Masculinity is something that is looked at as the ideal for men. Men aspire to be masculine. However, what many people do not see and realize is how absolutely horrible and damaging the current idea of masculinity is to our young boys and men alive today. One upcoming documentary comes from the MissRepresentation project and is entitled The Mask You Live In. This documentary is a great tool used to address the subject of hypermasculinity. The link is here so please watch it.

As this trailer introduces, there is a problem with American masculinity, as it does not allow young boys and men to feel secure in their masculinity. Males consistently have to prove that they are “men.” If their masculinity or manhood is ever challenged they must stand up for themselves and prove the challengers wrong.

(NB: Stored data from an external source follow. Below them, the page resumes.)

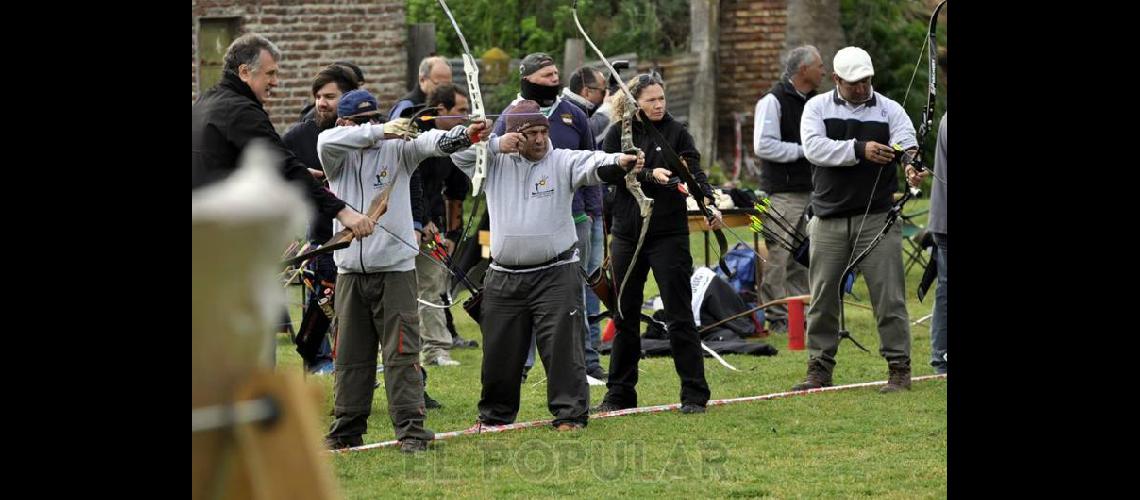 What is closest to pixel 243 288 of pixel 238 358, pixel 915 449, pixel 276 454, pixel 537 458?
pixel 238 358

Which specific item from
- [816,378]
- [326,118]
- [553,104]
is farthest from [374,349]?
[816,378]

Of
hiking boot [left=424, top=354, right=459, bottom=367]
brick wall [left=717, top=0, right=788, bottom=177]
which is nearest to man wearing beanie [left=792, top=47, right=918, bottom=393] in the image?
hiking boot [left=424, top=354, right=459, bottom=367]

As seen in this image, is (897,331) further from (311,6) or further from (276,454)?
(311,6)

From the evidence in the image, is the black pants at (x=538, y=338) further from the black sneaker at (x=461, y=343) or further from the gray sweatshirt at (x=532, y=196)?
the black sneaker at (x=461, y=343)

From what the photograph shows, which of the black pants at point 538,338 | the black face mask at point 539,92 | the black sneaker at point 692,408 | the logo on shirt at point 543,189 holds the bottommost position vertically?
the black sneaker at point 692,408

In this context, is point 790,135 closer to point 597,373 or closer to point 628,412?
point 597,373

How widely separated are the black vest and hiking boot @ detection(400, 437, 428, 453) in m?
4.56

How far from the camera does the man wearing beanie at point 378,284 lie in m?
6.74

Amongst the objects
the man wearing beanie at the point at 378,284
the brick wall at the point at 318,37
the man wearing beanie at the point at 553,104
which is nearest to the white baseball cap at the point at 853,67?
the man wearing beanie at the point at 553,104

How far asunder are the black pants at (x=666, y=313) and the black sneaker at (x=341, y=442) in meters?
1.63

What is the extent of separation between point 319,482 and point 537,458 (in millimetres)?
4284

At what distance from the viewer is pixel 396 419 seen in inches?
267

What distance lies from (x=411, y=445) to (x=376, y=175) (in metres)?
1.24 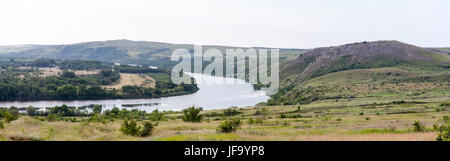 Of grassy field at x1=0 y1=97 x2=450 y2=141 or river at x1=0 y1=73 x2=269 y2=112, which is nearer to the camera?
grassy field at x1=0 y1=97 x2=450 y2=141

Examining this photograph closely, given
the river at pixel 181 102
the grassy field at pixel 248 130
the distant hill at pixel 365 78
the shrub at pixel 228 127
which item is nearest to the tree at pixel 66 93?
the river at pixel 181 102

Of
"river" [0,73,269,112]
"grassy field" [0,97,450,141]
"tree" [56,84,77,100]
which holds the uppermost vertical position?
"grassy field" [0,97,450,141]

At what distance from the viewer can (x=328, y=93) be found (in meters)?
123

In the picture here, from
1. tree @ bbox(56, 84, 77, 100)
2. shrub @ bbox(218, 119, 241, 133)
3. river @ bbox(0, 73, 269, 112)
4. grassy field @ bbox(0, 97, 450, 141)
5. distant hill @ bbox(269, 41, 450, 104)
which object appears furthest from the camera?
tree @ bbox(56, 84, 77, 100)

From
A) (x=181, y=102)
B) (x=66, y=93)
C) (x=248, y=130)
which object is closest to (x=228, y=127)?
(x=248, y=130)

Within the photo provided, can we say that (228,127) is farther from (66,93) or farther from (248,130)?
(66,93)

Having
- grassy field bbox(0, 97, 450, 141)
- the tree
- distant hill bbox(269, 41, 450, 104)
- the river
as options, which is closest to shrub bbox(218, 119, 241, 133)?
grassy field bbox(0, 97, 450, 141)

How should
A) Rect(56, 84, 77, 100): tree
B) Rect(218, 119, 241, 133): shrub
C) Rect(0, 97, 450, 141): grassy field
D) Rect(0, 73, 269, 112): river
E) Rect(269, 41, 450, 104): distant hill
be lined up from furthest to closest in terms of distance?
Rect(56, 84, 77, 100): tree < Rect(0, 73, 269, 112): river < Rect(269, 41, 450, 104): distant hill < Rect(218, 119, 241, 133): shrub < Rect(0, 97, 450, 141): grassy field

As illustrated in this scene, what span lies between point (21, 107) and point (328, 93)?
111419 mm

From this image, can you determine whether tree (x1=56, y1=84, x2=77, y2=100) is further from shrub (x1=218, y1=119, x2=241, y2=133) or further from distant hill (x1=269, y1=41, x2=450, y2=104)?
shrub (x1=218, y1=119, x2=241, y2=133)

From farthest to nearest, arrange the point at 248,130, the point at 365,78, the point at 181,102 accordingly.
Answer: the point at 365,78, the point at 181,102, the point at 248,130

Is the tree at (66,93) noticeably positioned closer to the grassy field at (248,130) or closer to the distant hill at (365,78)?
the distant hill at (365,78)

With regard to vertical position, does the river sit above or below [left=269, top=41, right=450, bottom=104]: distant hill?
below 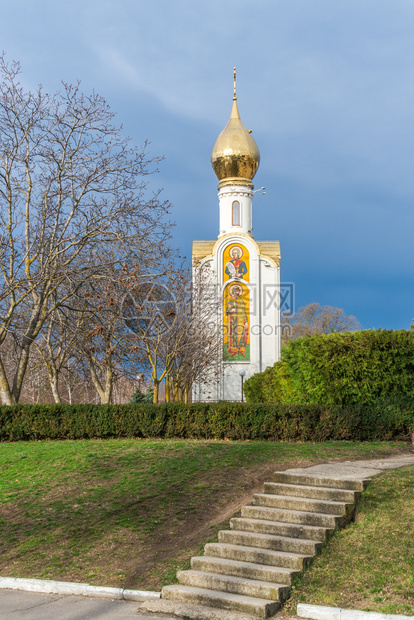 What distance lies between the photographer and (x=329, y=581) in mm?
6336

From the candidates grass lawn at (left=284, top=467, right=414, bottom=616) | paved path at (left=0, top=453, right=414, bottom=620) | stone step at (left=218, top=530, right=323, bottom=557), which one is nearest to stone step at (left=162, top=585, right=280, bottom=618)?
paved path at (left=0, top=453, right=414, bottom=620)

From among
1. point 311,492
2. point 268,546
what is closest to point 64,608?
point 268,546

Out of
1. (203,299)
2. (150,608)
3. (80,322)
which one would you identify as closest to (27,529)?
(150,608)

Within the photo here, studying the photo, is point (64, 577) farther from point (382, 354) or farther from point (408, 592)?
point (382, 354)

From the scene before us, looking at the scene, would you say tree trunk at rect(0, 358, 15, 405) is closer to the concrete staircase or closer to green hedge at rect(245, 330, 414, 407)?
green hedge at rect(245, 330, 414, 407)

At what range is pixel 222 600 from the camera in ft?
20.8

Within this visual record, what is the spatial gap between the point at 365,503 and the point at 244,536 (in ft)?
5.31

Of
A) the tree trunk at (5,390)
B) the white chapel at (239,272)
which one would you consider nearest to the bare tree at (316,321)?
the white chapel at (239,272)

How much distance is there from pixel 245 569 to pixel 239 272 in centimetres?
3428

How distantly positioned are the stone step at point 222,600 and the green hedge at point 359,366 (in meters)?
8.65

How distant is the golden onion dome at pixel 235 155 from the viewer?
42062 mm

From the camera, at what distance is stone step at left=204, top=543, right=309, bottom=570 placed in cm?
672

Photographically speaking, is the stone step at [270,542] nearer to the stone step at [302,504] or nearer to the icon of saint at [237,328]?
the stone step at [302,504]

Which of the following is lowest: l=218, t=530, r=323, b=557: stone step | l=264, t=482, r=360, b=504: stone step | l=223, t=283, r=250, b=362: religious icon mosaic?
l=218, t=530, r=323, b=557: stone step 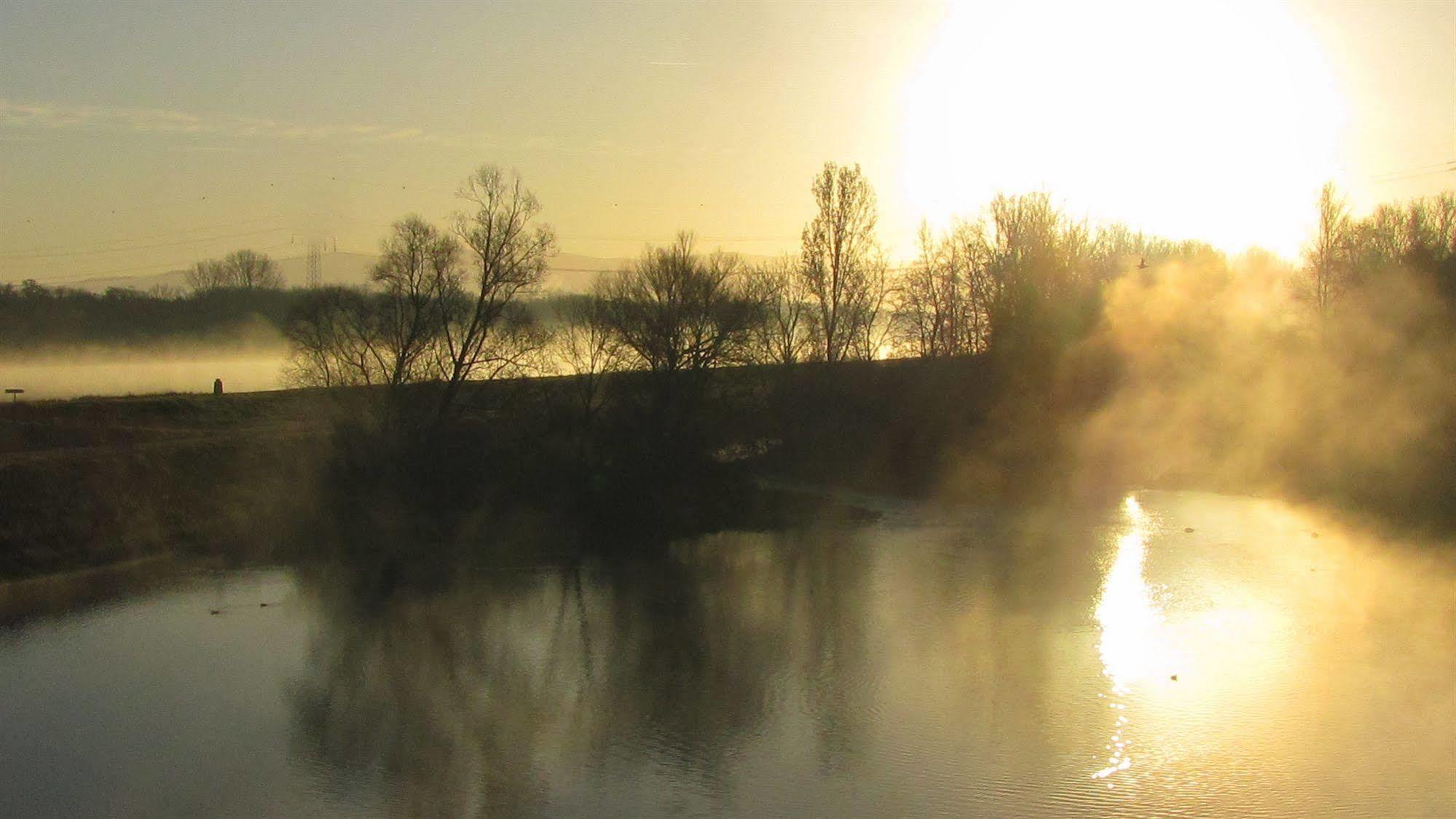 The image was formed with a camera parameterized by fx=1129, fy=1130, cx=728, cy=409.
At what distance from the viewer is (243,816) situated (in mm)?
7902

To do this, many boys or men decide to engage in physical violence because that’s what being a man is about, isn’t it? This is the problem: violence is no longer a virtue in the same way it may have been 2000 years ago. During the ancient Roman and Grecian times, men constantly fought wars and that was what being a man was. And even before this, 4,000 years ago when people were struggling to survive, it was necessary to fight and resort to violence to survive, but then why does it still continue even with our societal changes?

I believe this is the real problem: we are teaching our boys that to be “men” they need to act out in violence because some 2,000-4,000 years ago that was necessary for survival even though that is not the case now. We, as a society, need to realize that by creating an unrealistic standard for what manhood is we are damning our boys to a life where the constantly feel as though they have to “wear a mask,” as the trailer put it. Men and boys are not allowed to wear their emotions on their sleeve, or they are “pussies” aka a woman, the worst thing a man could be called. Men need to hide what they are really thinking and feeling or their manhood will be questioned.

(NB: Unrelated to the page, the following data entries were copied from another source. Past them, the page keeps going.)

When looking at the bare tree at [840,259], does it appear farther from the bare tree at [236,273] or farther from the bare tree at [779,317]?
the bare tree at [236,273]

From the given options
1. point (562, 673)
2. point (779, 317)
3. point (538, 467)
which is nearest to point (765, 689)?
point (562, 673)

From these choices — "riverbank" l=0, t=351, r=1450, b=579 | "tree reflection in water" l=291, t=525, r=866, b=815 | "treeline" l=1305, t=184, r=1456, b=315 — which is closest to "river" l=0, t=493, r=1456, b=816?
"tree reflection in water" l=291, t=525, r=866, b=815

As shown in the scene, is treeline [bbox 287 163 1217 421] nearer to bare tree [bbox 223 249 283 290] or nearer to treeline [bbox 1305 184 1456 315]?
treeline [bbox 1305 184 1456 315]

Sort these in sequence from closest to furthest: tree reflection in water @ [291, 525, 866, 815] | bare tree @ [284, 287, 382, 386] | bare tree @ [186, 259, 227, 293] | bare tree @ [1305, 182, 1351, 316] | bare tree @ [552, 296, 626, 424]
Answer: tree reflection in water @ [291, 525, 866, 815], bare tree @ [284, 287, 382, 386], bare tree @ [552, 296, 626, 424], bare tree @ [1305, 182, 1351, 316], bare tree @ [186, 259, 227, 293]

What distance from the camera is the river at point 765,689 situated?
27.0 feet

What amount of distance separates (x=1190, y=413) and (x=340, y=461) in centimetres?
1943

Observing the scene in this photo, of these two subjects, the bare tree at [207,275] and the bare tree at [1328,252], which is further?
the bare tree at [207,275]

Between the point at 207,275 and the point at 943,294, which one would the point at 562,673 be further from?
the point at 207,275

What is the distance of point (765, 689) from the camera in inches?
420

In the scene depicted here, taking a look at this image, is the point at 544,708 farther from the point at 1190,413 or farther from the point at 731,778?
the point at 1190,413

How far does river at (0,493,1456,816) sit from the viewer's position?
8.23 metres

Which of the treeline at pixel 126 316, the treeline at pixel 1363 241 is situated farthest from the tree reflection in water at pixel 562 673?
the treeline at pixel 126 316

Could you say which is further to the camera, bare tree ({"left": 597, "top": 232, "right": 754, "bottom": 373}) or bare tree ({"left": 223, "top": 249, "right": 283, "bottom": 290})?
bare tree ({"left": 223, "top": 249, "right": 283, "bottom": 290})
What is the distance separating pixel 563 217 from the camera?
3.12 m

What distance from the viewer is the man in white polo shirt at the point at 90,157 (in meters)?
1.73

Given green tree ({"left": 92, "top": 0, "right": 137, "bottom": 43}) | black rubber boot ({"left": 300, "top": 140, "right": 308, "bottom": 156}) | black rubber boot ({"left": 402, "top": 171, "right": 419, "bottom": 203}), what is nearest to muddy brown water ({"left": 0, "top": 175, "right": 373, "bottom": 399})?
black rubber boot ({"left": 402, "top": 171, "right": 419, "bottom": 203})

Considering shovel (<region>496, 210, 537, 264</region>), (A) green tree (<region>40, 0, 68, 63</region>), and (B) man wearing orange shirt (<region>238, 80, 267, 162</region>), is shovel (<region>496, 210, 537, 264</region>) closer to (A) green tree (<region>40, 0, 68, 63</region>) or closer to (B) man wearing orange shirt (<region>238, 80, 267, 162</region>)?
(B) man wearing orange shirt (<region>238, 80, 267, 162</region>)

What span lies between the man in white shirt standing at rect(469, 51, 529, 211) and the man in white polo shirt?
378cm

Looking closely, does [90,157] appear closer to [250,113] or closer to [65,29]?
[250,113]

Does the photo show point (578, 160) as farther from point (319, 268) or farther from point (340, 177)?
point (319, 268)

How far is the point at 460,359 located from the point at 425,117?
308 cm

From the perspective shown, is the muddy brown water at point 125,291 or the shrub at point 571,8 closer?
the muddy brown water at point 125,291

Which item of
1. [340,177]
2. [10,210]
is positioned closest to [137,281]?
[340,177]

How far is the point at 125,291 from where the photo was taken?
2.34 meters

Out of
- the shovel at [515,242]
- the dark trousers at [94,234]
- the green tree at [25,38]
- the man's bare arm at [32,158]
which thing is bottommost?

Is it possible for men to redefine what manhood is? To rethink what it means to be a man and what should be expected from them as a man in this society? I would like to think this is possible, but we need to change our standards and how we reinforce these ideas of masculinity. We as a collective need to stop saying phrases like “boys don’t cry,” or “you throw like a girl,” or “man up.” The last in this list may be the worst, as it is consistently reinforcing that one needs to be more of a man and that one is never able to achieve this ideal. We need to tell our boys that they are allowed to have feelings. That they are allowed to cry when they are sad or upset, that they don’t have to be good at sports to be a man. That they are allowed to break these norms and do what they want outside of what society has historically said was unacceptable.

I believe we can achieve this change, but we need to decide that this is exactly what we as a society want to do. Anything is possible when people put their minds to it and decide to make a change for the better.